Jeanine Cummins, Jo Baker, Melissa Gould, T E Kinsey_1 to 4
I'm back, lightly committed to recording every book I read this year. Sadly, I'm a year too late. 2020 was the noteworthy year for me; as COVID-19 changed everything, I read like a demon, at full tilt. Two or three books a week and—after I was sodden with mostly forgotten novels—remarkable for a line up of really good non-fiction. So last year was, in the end, a year of reading to be proud of. All now unrecorded, unremarked and (recall my Swiss cheese memory) largely un-remembered.

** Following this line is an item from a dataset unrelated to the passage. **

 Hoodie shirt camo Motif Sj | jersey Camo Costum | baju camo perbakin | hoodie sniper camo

Neverthless. I'm starting badly because it's 13 January and I can't recall everything I've read so far. Working backwards:
'American Dirt' by Jeanine Cummins. Best book of the year by far. Really, it's a keeper; I'm confident it'll make my Best Of list for 2021.

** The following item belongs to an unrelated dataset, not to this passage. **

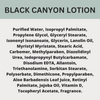 Black Canyon Juniper Berry Scented Body Lotion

'Longbourn, The Servants' Story' by Jo Baker, a re-telling of 'Pride and Prejudice' from the servants' perspective. Now this one sounds like trash, doesn't it? But wasn't at all; to the contrary, it was beautifully written, moving, lyrical and thoughtful. A beautiful book, with the odd frisson of a familiar story told fresh.
'Widowish: A Memoir' by Melissa Gould, writing about being a young widow after her husband dies unexpectedly of West Nile virus. I like a memoir to be beautifully written as well as honest and engaging, and this one sadly wasn't. It clearly mattered a great deal to Gould to write this book, and that's fair enough, but her story of "grieving outside the box"—which is the blurb-writer's code for "starting a new relationship scandalously soon after her lovely husband's death", left me cold.
Oh dear, just remembered the first book I read this year: 'The Fatal Flying Affair' by T. E. Kinsey—a Lady Hardcastle mystery, book 7. Yes, I've read 7 of these delightful English country murder mysteries starring an eccentric ex-spy and her clever lady's maid, set in early 20th century. Just for the joy of it.